SUPPLIED MATERIAL:
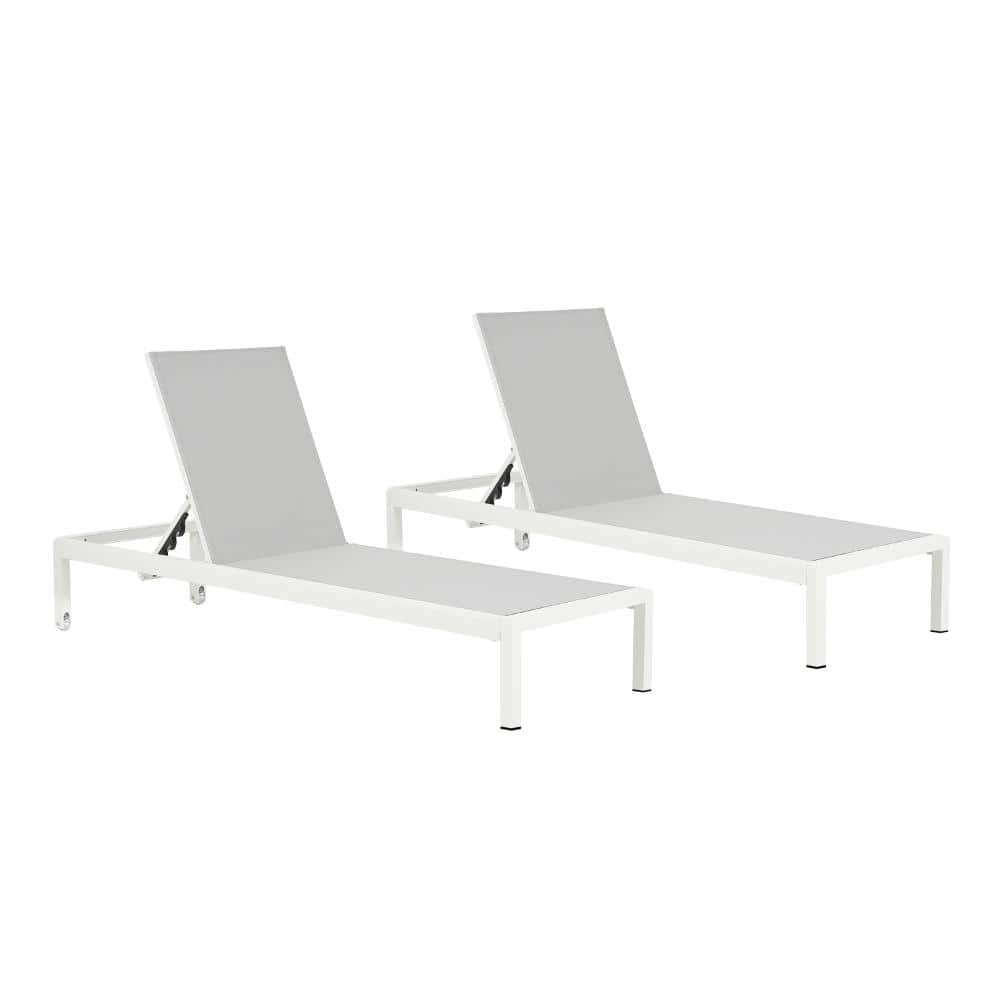 Aluminum Outdoor Chaise Lounge Chair Set of 2,Adjustable high All Weather UV Resistant 400lbs Weight Capacity price history on PriceWatchPro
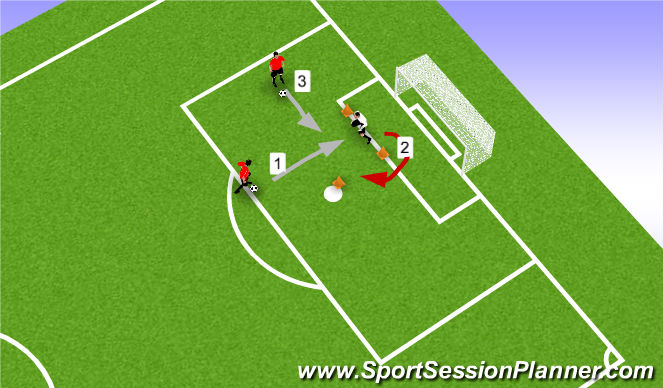 Football/Soccer Session Plan Drill (Colour): Screen 1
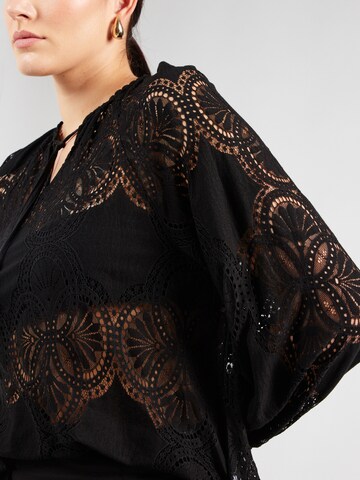 ONLY Carmakoma Bluse 'CARCABANNA' i sort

PROBLEM:
Hand back the data exactly as it appears, with all pictures cut.

SOLUTION FOR THIS PROBLEM:
 Aluminum Outdoor Chaise Lounge Chair Set of 2,Adjustable high All Weather UV Resistant 400lbs Weight Capacity price history on PriceWatchPro
 Football/Soccer Session Plan Drill (Colour): Screen 1
 ONLY Carmakoma Bluse 'CARCABANNA' i sort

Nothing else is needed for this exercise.